Cependant, pour qu’une faute qualifiée soit retenue, ces comportements ne suffisent pas, encore faut-il que le prévenu ait violé de façon manifestement délibérée une obligation particulière de prudence ou de sécurité prévue par la loi ou le règlement ou, à tout le moins, ait commis une faute caractérisée qui exposait autrui à un risque d’une particulière gravité. Malgré la gravité des obligations méconnues par le dirigeant, qui plus est formulées, pour la plupart, dans l’arrêté préfectoral du 18 octobre 2000, les juges du fond estiment qu’une pluralité de fautes caractérisées a été commise par le dirigeant. Ces fautes pouvant être reprochées au dirigeant, la responsabilité pénale de la société exploitant l’usine pouvait dès lors être recherchée des chefs susvisés – ces infractions étaient, antérieurement à la généralisation opérée par la loi Perben II, expressément prévues par la loi.

Mais, dans la mesure où « le principe même de la responsabilité n’existe pas sans la causalité » (Y. Mayaud, Quelle certitude pour le lien de causalité dans la théorie de la responsabilité pénale ?, in Mélanges Decocq, Litec, 2004, p. 475), un enchaînement causal certain entre la faute et le dommage est exigé (V. not. Crim. 20 juin 2006, n° 05-87.147 ; 30 sept. 2008, n° 06-87.205) ; exigence à laquelle les juges de la cour d’appel ne prennent pas soin de satisfaire alors même qu’en première instance le défaut de certitude du lien de causalité était précisément à l’origine de la relaxe du directeur et de la personne morale (T. corr. Toulouse, 3e ch., 19 nov. 2009, n° 1110/09).

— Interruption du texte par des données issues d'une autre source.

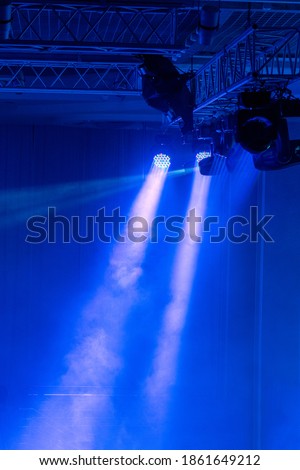 Spotlights and laser beams. Concert light. Stage lights. Soffits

À la lecture de l’arrêt, on ne peut que s’interroger sur les raisons ayant conduit les juges toulousains à ne pas se prononcer sur cette exigence jurisprudentielle pourtant forte de conséquences pour l’ex-directeur, condamné à trois ans d’emprisonnement dont deux avec sursis et 45 000 € d’amende et la personne morale, condamnée quant à elle à 225 000 € d’amende. Cet évitement, couplé à l’emploi d’un vocabulaire particulièrement péjoratif – l’avocat du condamné étant allé jusqu’à qualifier l’arrêt empreint « d’une méchanceté surprenante » (Le Monde, 28 sept. 2012) – ponctuant les arguments retenus par la cour d’appel, ne sont pas sans entacher la solution d’opportunité.

Si un pourvoi en cassation a été formé par la défense contre cette décision, un éclaircissement est attendu s’agissant, d’une part, de fautes considérées comme étant la cause indirecte de la survenance du dommage et, d’autre part, de l’ajout tendancieux à la formule classique, réalisé par les juges toulousains qui considèrent que l’ancien directeur « a commis une succession de graves fautes qui ont directement contribué à créer la situation qui a permis la réalisation du dommage » (p. 380). Cet arrêt sort, à n’en pas douter, « de l’épure judiciaire habituelle » (Le Monde, 28 sept. 2012).